# What's your personality type?



## Nutnutnut (Jun 2, 2007)

Based on jung test (Myer Briggs), one of the best tests around.

Here's a rather quick and easy version of the test

Just drag the little rectangle to the desired notch.

Click here if you want a longer more detailed version of the test, but providing one answer instead of grading each possiblity like in the shorter test above

Good description of types here

So, what do you think is your type?

I think I'm an ENTP, but I appear INTP to others because of SA.


----------



## TreeFrog (Oct 17, 2007)

Interesting... I thought all SAers were Introverts. I had at least been wondering about that because I am very interested in the MBTI and the Enneagram. 

I am an INFP. Very, very hard on myself but always with an eye toward self-actualization. I always thought the P should stand for Procrastinator. :lol


----------



## Zarklus (Aug 5, 2007)

sdfdg


----------



## starblob (Oct 23, 2005)

INTJ - although i do lack the supposed self confidence of a true INTJ-er.


----------



## ardrum (May 13, 2007)

INTJ


----------



## LostinReverie (Mar 18, 2007)

INFP


----------



## ardrum (May 13, 2007)

So accurate for me...



> Personal relationships, particularly romantic ones, can be the INTJ's Achilles heel. While they are capable of caring deeply for others (usually a select few), and are willing to spend a great deal of time and effort on a relationship, the knowledge and self-confidence that make them so successful in other areas can suddenly abandon or mislead them in interpersonal situations.
> 
> This happens in part because many INTJs do not readily grasp the social rituals; for instance, they tend to have little patience and less understanding of such things as small talk and flirtation (which most types consider half the fun of a relationship). To complicate matters, INTJs are usually extremely private people, and can often be naturally impassive as well, which makes them easy to misread and misunderstand. Perhaps the most fundamental problem, however, is that INTJs really want people to make sense.  This sometimes results in a peculiar naivete', paralleling that of many Fs -- only instead of expecting inexhaustible affection and empathy from a romantic relationship, the INTJ will expect inexhaustible reasonability and directness.


----------



## mserychic (Oct 2, 2004)

ISFJ


----------



## Nutnutnut (Jun 2, 2007)

TreeFrog said:


> Interesting... I thought all SAers were Introverts. I had at least been wondering about that because I am very interested in the MBTI and the Enneagram.
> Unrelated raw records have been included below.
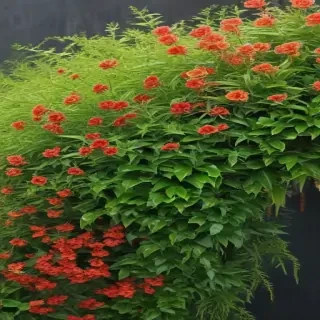 zoom background plants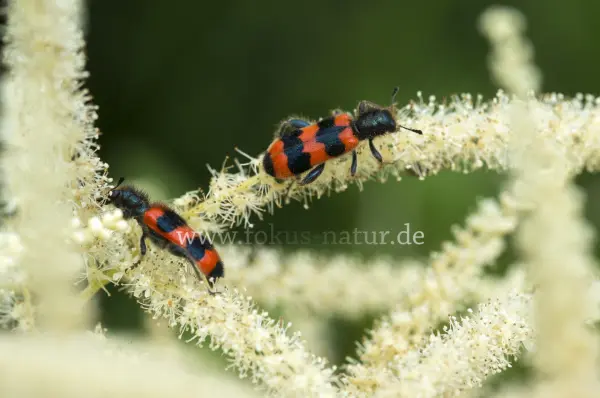 Fokus-Natur Bild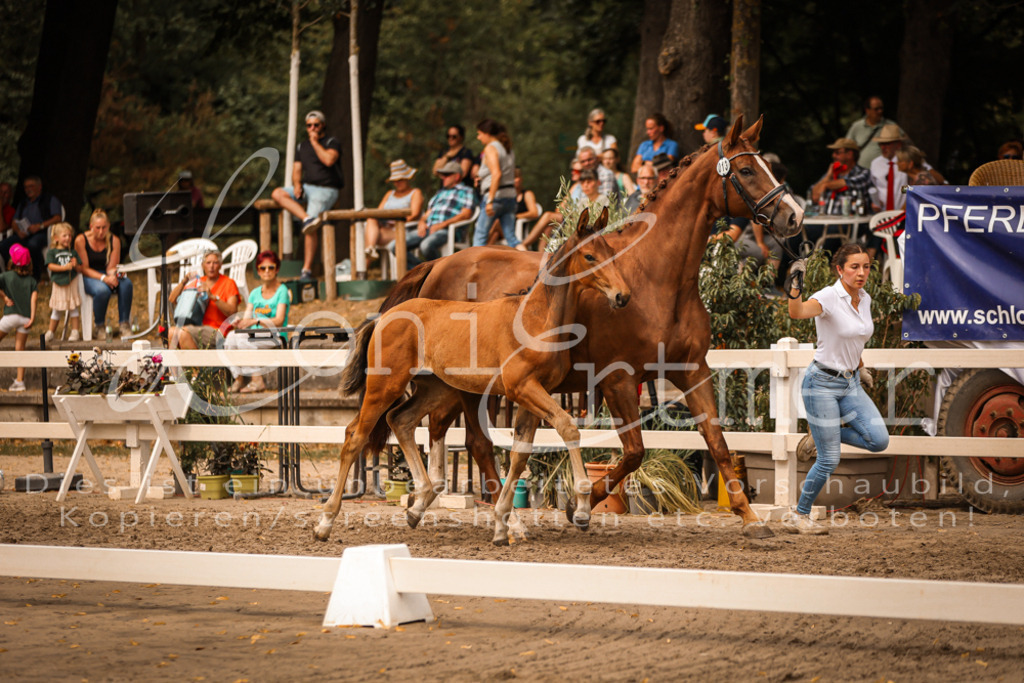 SaPA00177 | Leoni Ertmer Photography - Realisiert mit Pictrs.com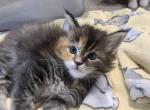 Seraphinas litter - Maine Coon Cat For Sale - Boerne&comma; TX&comma; US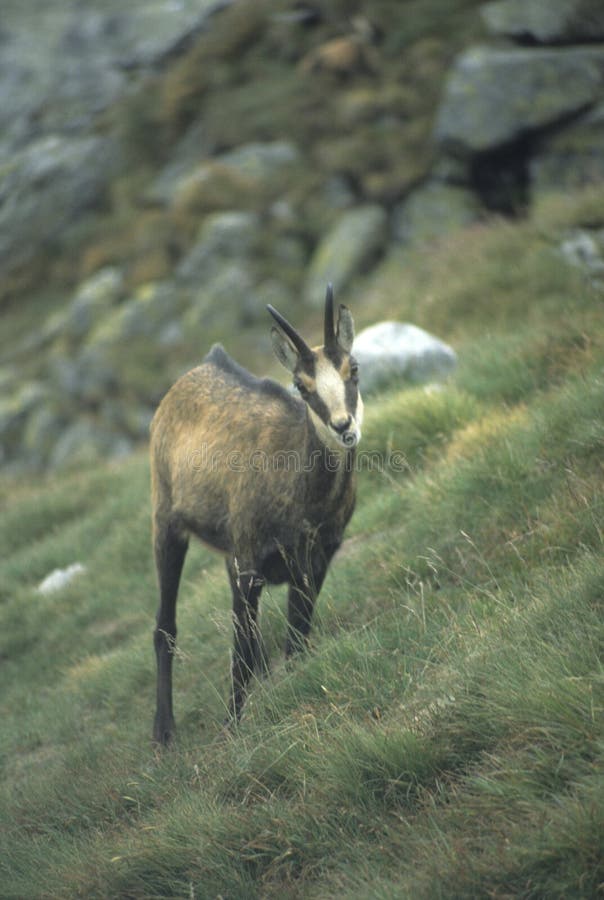 Chamois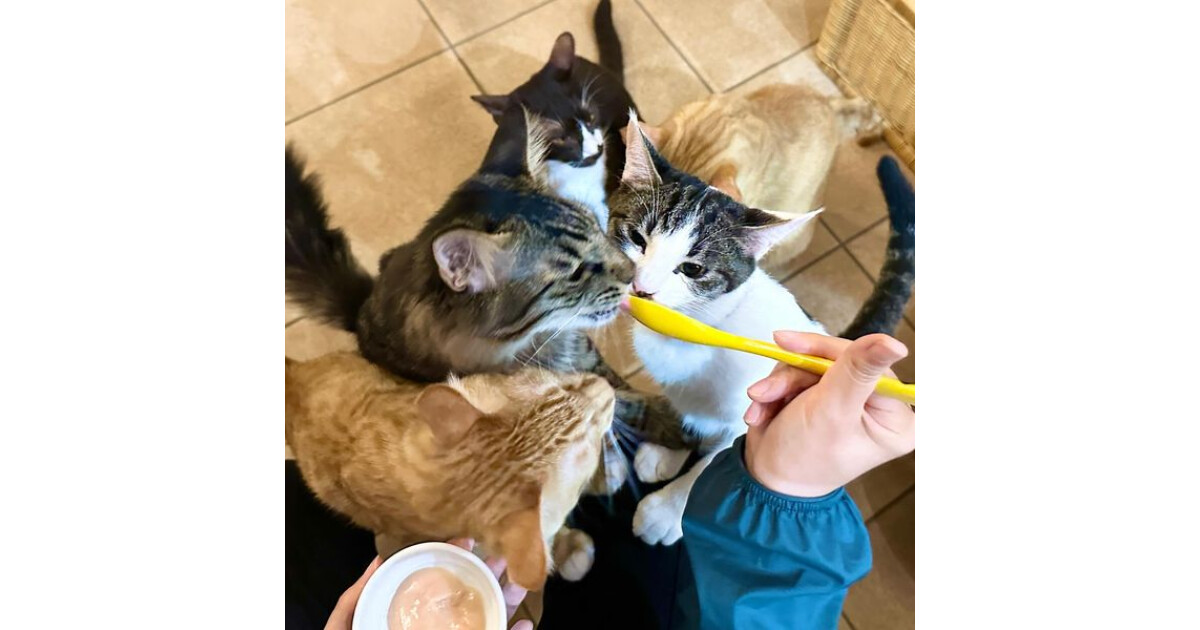 猫の館ME猫実館の紹介画像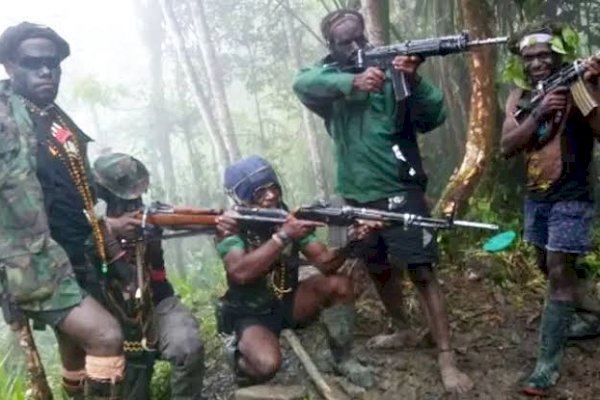 Tiga Teroris KKB di Papua Menyerahkan Diri, Begini Perannya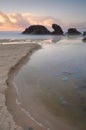 Blue Blubber jelliyfish at sunrise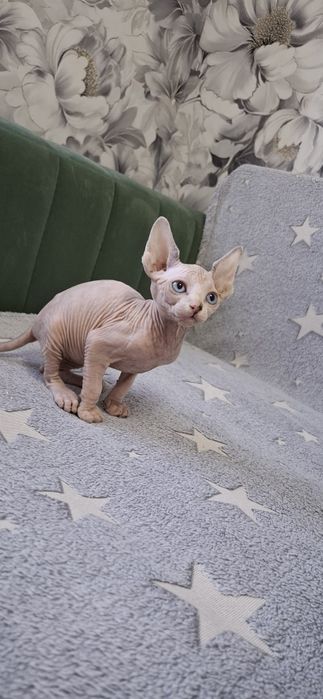 Котята канадского сфинкса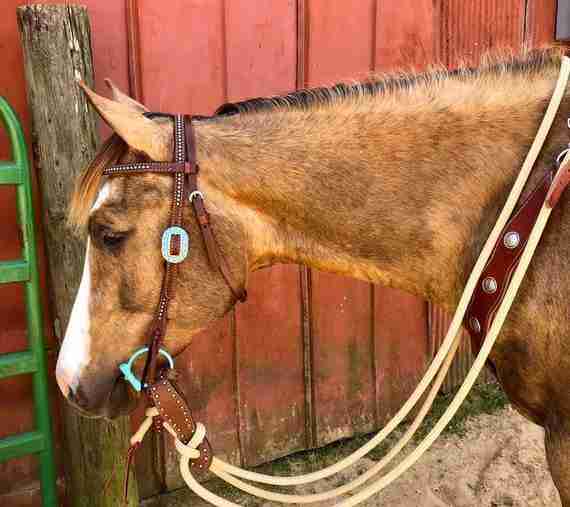 What Are Slobber Straps And Water Loops For? Smarter Horse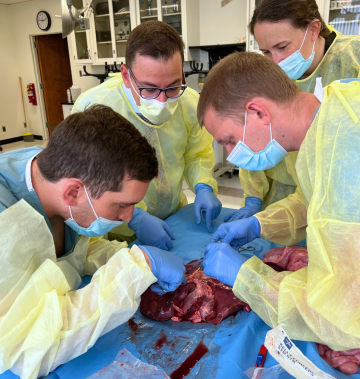 Four trainees practice surgery in wet lab.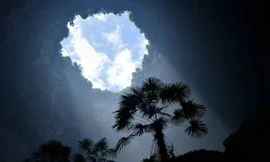 Kỳ lạ những khu rừng 'thiên đường' bên dưới các hố sụt lớn ở Trung Quốc 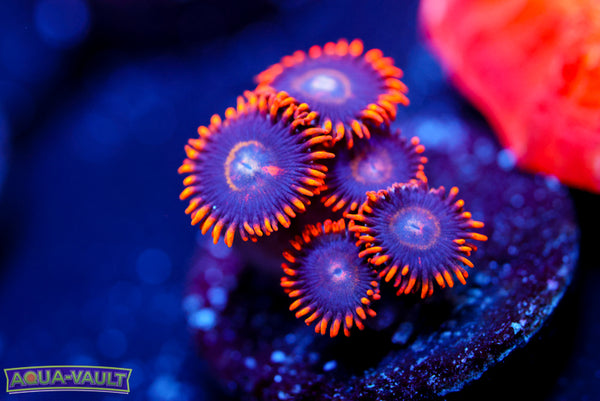 Blue Hornet Zoa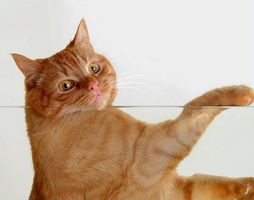 Perché i gatti si puliscono a dopo che mangiano?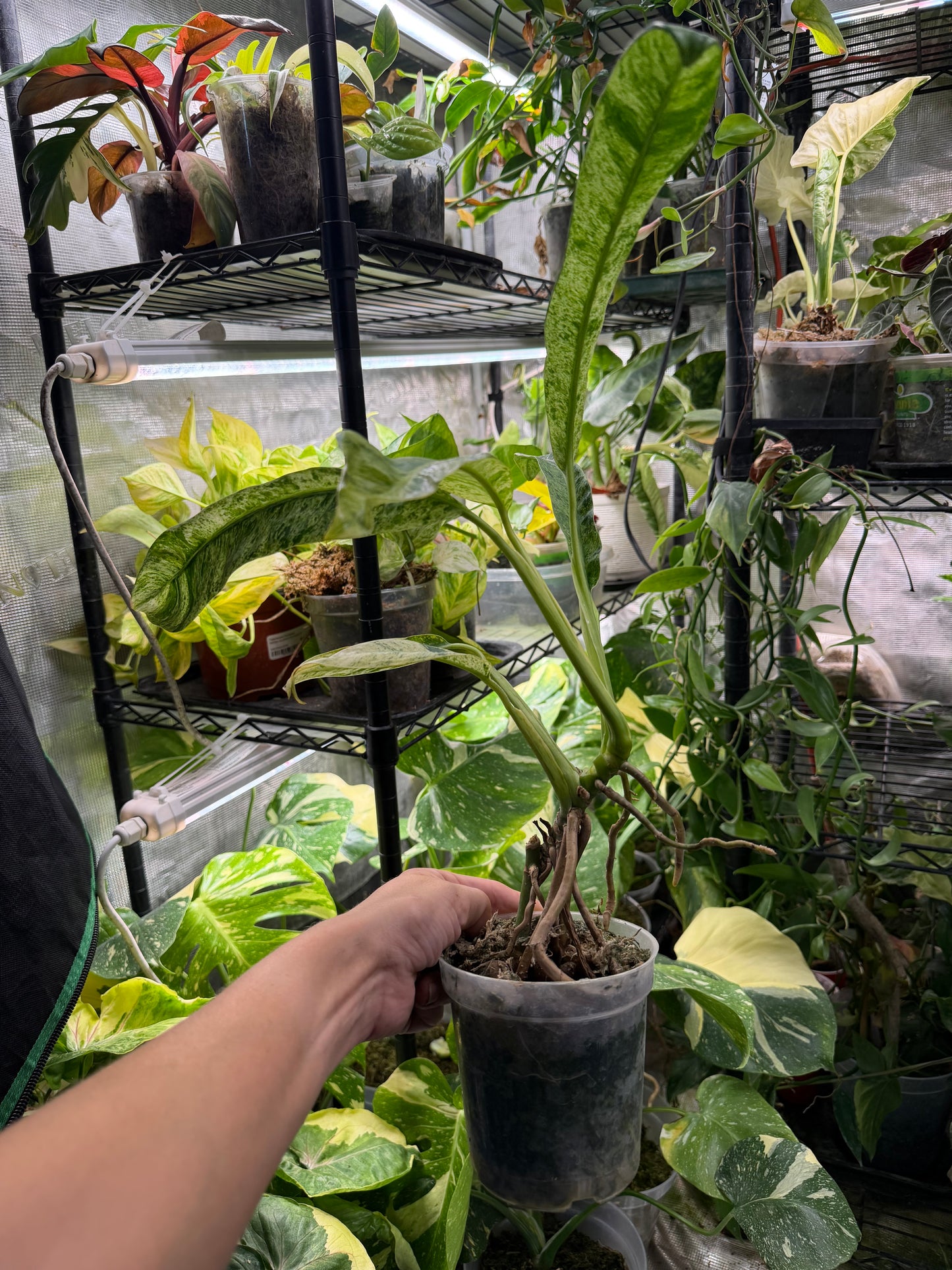 *EXACT PLANT* Epipremnum Giganteum Blizzard Marbled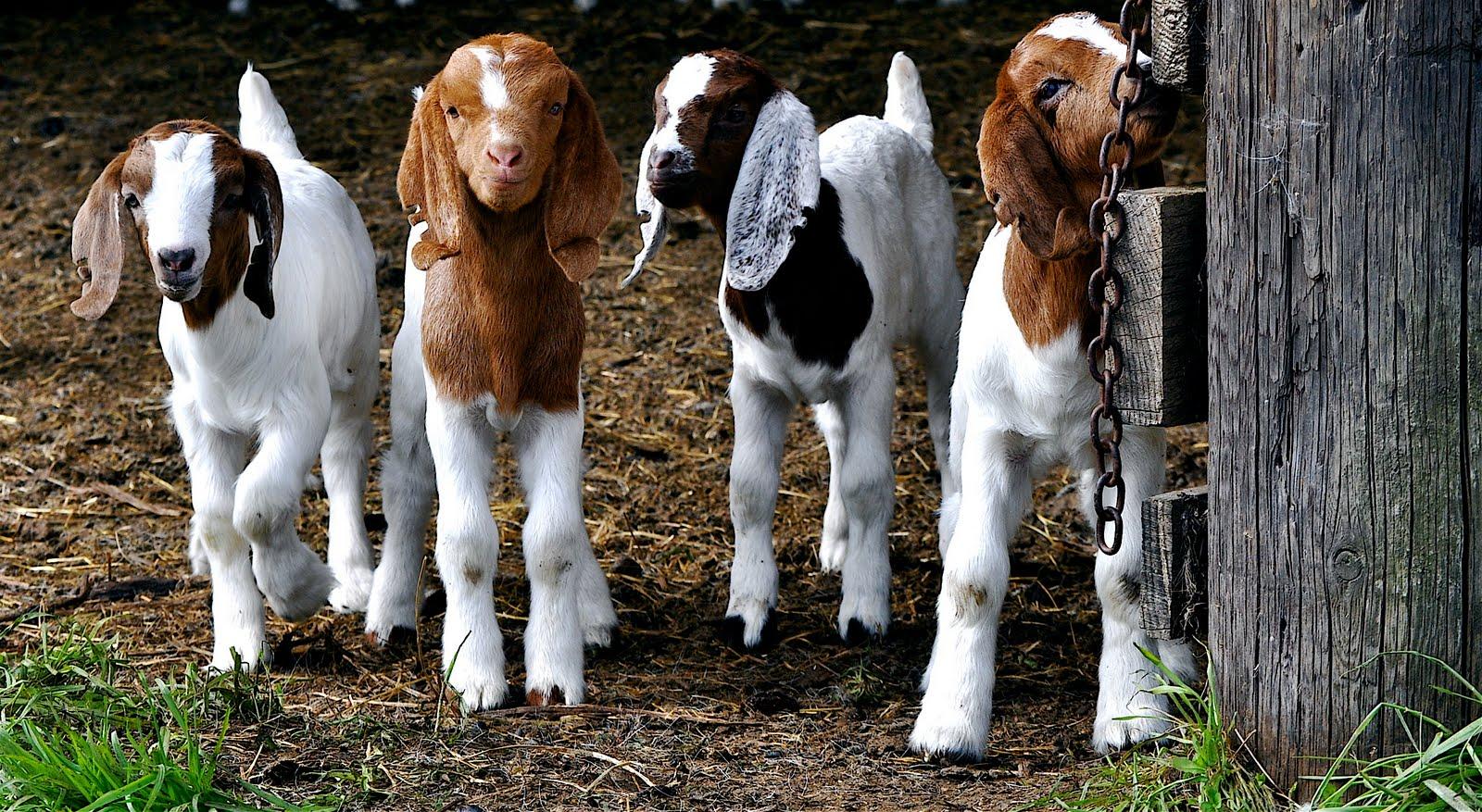 1600x877 Goats Wallpaper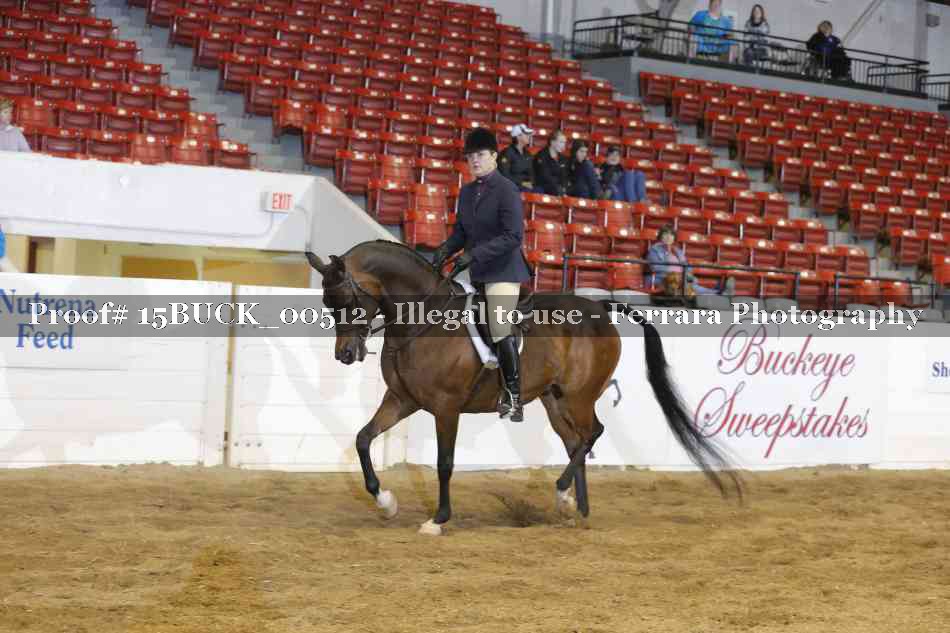 Proof 15BUCK_00512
With SA, in all tests we seem "introverted".

To know if you _really_ are introverted, you have to go by what you prefer, this is where the true different lies between introvertion and extravertion. An introvert will prefer to be alone than to be with teams, an introvert will need time alone to recharge after socialization, while an extravert will prefer to be with people, and socialize all the time.

SA gives us an inability to do those social things, so in a test, answer by what you would _prefer_ to do if you were normal.

This is how shyness and introvertion are different. A shy person has some sort of psychological veil that makes them scared to talk to people, even if they want to. Someone introverted will genuinely want to be alone. Hope that clears it up for you.

By example:

Bob is shy, and bob is introvert because he prefers to be alone and think, than to be with people and talk.
Max is shy, but he is extravert because he would really prefer to be with people, but his shyness makes him too scared to do the move!
Sam is not shy, and he is extravert, he talks to everyone, but he doesn't think so much.
Jack is not shy, and he is introvert, he prefers to listen than to talk, and when he talks a little, what he says is well thought.


----------



## ardrum (May 13, 2007)

Excellent description, Nutnutnut. I've often wondered if SA is rougher on extroverts, since their behavior inhibits their ideal level of socialization to a greater extent than true introverts like myself.

Even among friends I'm very comfortable and happy with, I'll only want to hang out with them occasionally. I most definitely enjoy my alone time, as I feel very energized and relaxed after giving myself this alone time.


----------



## Chrysalii (Jun 24, 2006)

That slider test is interesting, mostly because that radar thing is confusing.
But as usual, I come out INTP.


----------



## WineKitty (Nov 26, 2004)

ISFJ


----------



## ericj (Jun 20, 2007)

INTJ


----------



## njodis (Nov 8, 2006)

I didn't do this test, but I usually get ISFP


----------



## Becky (Nov 5, 2003)

mserychic said:


> ISFJ


That's what I got too


----------



## korendir (Jul 6, 2007)

ISFJ / ISTJ with a 1% difference, but then I have an IQ of 186 so Bleh.


----------



## RubyTuesday (Aug 3, 2007)

I wasn't able to do that test, but remember being an INFP (and it describes me fairly well)


----------



## SilentLoner (Jan 30, 2006)

INTP

The Thinkers - yeah that's pretty accurate for me


----------



## ardrum (May 13, 2007)

korendir said:


> ISFJ / ISTJ with a 1% difference, but then I have an IQ of 186 so Bleh.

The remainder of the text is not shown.